## Your instructions
Going from the top of the data below, give again each line through the one containing "Building Photo - 3160 W Frankfurt Dr", both ends kept.

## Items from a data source
○ ○ ○ ○
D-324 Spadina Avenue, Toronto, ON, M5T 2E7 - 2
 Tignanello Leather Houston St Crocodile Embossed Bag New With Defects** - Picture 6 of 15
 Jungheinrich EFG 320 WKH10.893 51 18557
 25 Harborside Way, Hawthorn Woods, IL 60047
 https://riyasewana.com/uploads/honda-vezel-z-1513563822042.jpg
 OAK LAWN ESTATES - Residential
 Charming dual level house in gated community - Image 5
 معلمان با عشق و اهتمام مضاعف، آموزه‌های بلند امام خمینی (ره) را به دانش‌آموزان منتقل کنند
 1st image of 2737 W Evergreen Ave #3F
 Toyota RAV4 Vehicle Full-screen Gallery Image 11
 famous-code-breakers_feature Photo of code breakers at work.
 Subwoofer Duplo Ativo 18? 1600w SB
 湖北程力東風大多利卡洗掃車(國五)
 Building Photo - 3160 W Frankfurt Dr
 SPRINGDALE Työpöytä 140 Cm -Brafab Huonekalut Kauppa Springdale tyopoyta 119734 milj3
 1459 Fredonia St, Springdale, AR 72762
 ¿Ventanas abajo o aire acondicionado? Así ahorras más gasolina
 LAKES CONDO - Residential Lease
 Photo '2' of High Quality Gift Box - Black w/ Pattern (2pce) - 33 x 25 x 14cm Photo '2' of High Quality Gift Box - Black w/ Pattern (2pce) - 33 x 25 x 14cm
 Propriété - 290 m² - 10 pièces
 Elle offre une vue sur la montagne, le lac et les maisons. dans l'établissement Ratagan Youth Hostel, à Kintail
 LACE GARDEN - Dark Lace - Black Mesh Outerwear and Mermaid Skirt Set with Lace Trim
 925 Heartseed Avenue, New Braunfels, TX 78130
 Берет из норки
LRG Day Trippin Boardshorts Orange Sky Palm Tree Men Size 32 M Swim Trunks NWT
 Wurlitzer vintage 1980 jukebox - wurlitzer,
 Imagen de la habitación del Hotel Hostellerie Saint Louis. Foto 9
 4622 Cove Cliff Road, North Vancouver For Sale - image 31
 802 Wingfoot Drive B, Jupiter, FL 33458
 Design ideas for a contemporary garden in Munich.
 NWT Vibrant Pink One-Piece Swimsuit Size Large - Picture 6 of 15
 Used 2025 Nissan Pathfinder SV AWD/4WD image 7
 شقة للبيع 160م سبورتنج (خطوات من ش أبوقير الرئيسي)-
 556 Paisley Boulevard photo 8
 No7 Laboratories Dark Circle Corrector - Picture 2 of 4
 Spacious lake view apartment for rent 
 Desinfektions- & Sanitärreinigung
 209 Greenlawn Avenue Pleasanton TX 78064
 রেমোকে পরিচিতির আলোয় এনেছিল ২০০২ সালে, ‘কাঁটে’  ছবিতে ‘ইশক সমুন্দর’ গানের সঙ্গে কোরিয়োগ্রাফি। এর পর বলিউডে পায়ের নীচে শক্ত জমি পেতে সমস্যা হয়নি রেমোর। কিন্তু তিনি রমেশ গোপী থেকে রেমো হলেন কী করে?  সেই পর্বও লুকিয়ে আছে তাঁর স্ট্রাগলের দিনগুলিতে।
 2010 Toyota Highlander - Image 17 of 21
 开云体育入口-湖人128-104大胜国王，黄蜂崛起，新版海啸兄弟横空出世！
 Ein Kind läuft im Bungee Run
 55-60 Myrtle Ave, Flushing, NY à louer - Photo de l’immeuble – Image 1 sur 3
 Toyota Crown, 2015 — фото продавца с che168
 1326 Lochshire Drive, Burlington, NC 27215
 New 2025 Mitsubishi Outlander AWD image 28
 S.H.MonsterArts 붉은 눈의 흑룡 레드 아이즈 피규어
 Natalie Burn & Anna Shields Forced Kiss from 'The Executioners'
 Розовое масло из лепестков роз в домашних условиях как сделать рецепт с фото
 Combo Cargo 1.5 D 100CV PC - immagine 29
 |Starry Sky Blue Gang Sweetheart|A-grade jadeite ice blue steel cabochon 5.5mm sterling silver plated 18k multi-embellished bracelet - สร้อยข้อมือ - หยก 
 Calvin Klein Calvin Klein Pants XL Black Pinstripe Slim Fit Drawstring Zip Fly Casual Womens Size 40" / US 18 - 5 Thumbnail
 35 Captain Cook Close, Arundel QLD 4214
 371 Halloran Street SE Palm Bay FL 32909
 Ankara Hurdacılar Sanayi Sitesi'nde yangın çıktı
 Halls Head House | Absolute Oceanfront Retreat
○ ○ ○ ○
## Solution to this exercise
D-324 Spadina Avenue, Toronto, ON, M5T 2E7 - 2
 Tignanello Leather Houston St Crocodile Embossed Bag New With Defects** - Picture 6 of 15
 Jungheinrich EFG 320 WKH10.893 51 18557
 25 Harborside Way, Hawthorn Woods, IL 60047
 https://riyasewana.com/uploads/honda-vezel-z-1513563822042.jpg
 OAK LAWN ESTATES - Residential
 Charming dual level house in gated community - Image 5
 معلمان با عشق و اهتمام مضاعف، آموزه‌های بلند امام خمینی (ره) را به دانش‌آموزان منتقل کنند
 1st image of 2737 W Evergreen Ave #3F
 Toyota RAV4 Vehicle Full-screen Gallery Image 11
 famous-code-breakers_feature Photo of code breakers at work.
 Subwoofer Duplo Ativo 18? 1600w SB
 湖北程力東風大多利卡洗掃車(國五)
 Building Photo - 3160 W Frankfurt Dr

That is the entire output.